Data section:
== == ==

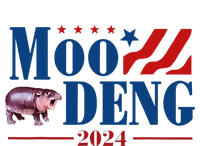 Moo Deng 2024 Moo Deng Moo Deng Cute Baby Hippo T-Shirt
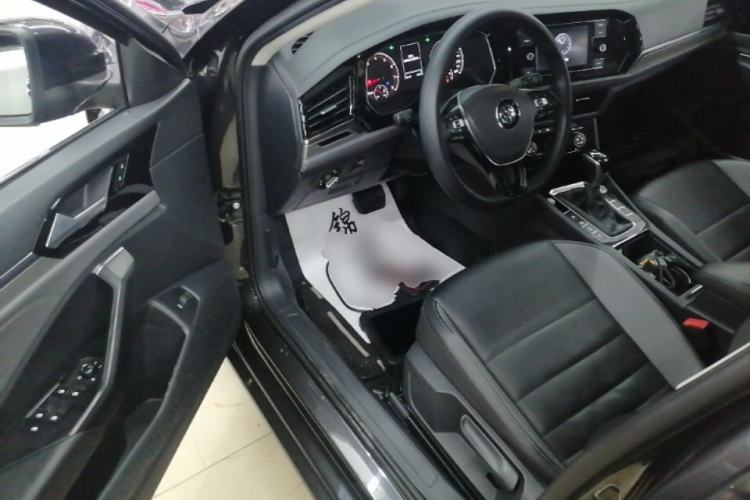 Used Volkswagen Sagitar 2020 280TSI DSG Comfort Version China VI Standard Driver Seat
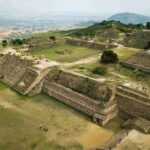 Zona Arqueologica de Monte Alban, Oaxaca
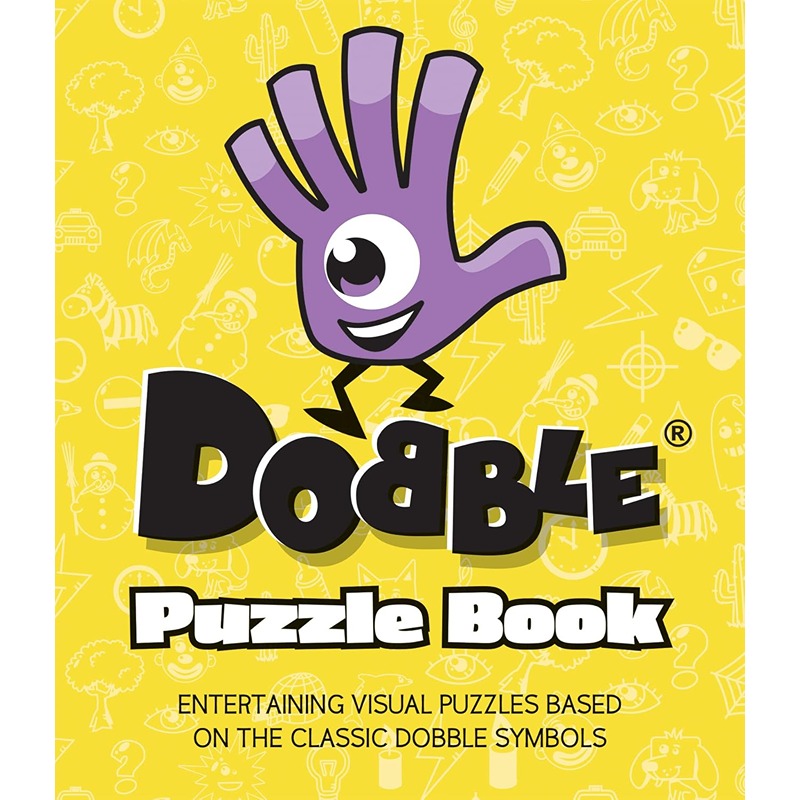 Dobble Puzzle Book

== == ==

About this task: Leaving out the pictures, transcribe the material above exactly.

Answer for the task:
 Moo Deng 2024 Moo Deng Moo Deng Cute Baby Hippo T-Shirt
 Used Volkswagen Sagitar 2020 280TSI DSG Comfort Version China VI Standard Driver Seat
 Zona Arqueologica de Monte Alban, Oaxaca
 Dobble Puzzle Book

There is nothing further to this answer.